I raised up the gravest topics of life; private misery, public calamity. All would not do.

-There the antic sate

Mocking our state-

his queer visnomy-his bewildering costume-all the strange things which he had raked together--his serpentine rod, swagging about in his pocket-Cleopatra's tear, and the rest of his relics-O Keefe's wild farce, and his wilder commentary-till the passion of laughter, like grief in excess, relieved itself by its own weight, inviting the sleep which in the first instance it had driven away. But I was not to escape so easily. No sooner did I fall into slumbers, than the same image, only more perplexing, assailed me in the shape of dreams. Not one Munden, but five hundred, were dancing before me, like the faces which, whether you will or no, come when you have been taking opium-all the strange combinations, which this strangest of all strange mortals ever shot his proper countenance into, from the day he came commissioned to dry up the tears of the town for the loss of the now almost forgotten Edwin. O for the power of the pencil to have fixed them when I awoke! A season or two since there was exhibited a Hogarth gallery. I do not see why there should not be a Munden gallery. In richness and variety the latter would not fall far short of the former.

There is one face of Farley, one face of Knight, one (but what a one it is!) of Liston; but Munden has none that you can properly pin down, and call has. When you think he has exhausted his battery of looks, in unaccountable warfare with your gravity, suddenly he sprouts out an entirely new set of features, like Hydra. He is not one, but legion. Not so much a comedian, as a company. If his name. could be multiplied like his countenance, it might fill a play-bill. He, and he alone, literally makes faces: applied to any other person, the phrase is a mere figure, denoting certain modifications of the human countenance. Out of some invisible wardrobe he dips for faces, as his friend Suett used for wigs, and fetches them out as easily. I should not be surprised to see him some day put out the head of a river horse; or come forth a pewit; or lapwing, some feathered metamorphosis.

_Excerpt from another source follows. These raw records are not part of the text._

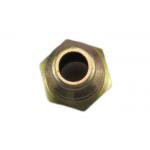 3/8'' Hose Stem End Connections Pneumatic Quick Coupling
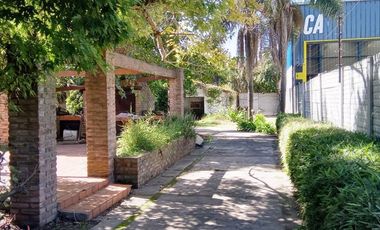 Casa a reciclar parque pileta quincho Tortuguitas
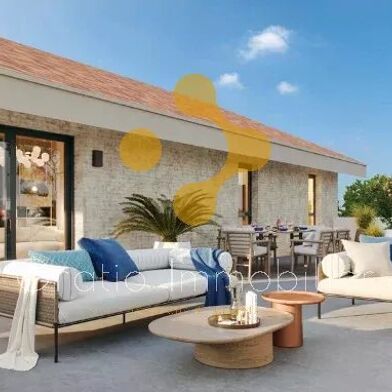 Appartement 4 pièces 470000 €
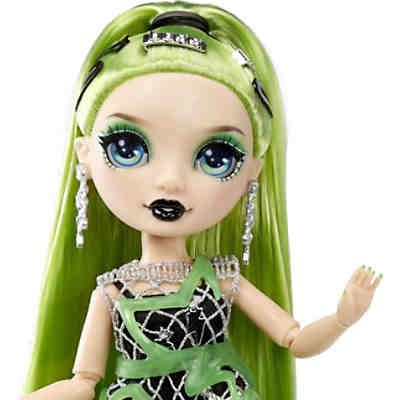 Rainbow High Fantastic Fashion  Doll- Jade (green)
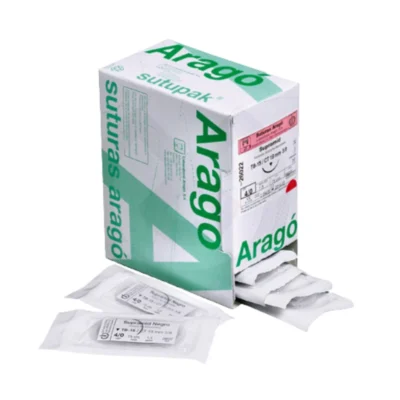 Suturas Supramid Aragó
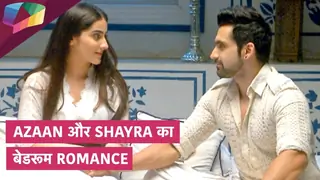 Azaan और Shayra की bedroom वाली masti | Razia ख़तरे में| Bahu Begum Thumbnail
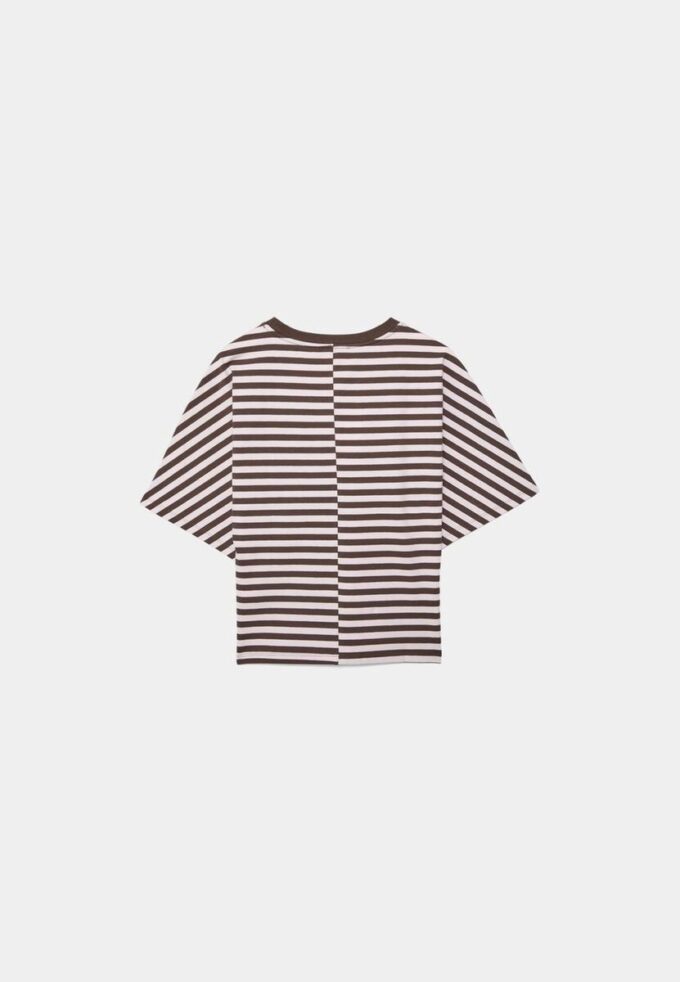 Japanisches Kurzarm-T-Shirt Japanisches Kurzarm-T-Shirt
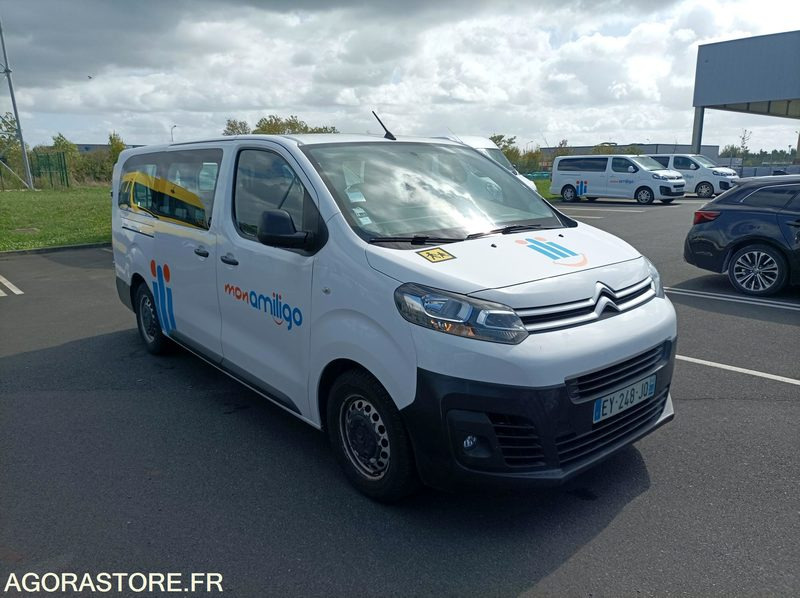EY-248-JQ - Roulant - CITROEN JUMPY SPACE TOURER - VP - 9 PLACES - 239 931 Kms - Микроавтобус, Пассажирский фургон: фото 1 EY-248-JQ - Roulant - CITROEN JUMPY SPACE TOURER - VP - 9 PLACES - 239 931 Kms - Микроавтобус, Пассажирский фургон: фото 1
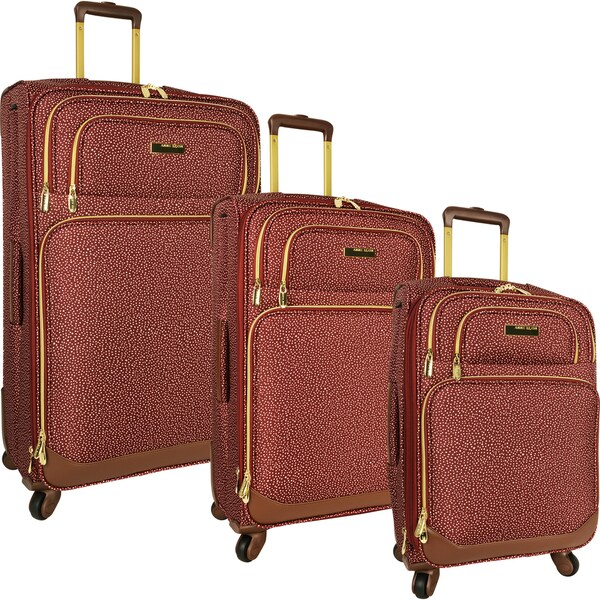 anne klein suitcase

I have seen this gifted actor in Sir Christopher Curry-in Old Dorntondiffuse a glow of sentiment which has made the pulse of a crowded theatre beat like that of one man; when he has come in aid of the pulpit, doing good to the moral heart of a people. I have seen some faint approaches to this sort of excellence in other players. But in the grand grotesque of farce, Munden stands out as single and unaccompanied as Hogarth. Hogarth, strange to tell, had no followers. The school of Munden began, and must end with himself.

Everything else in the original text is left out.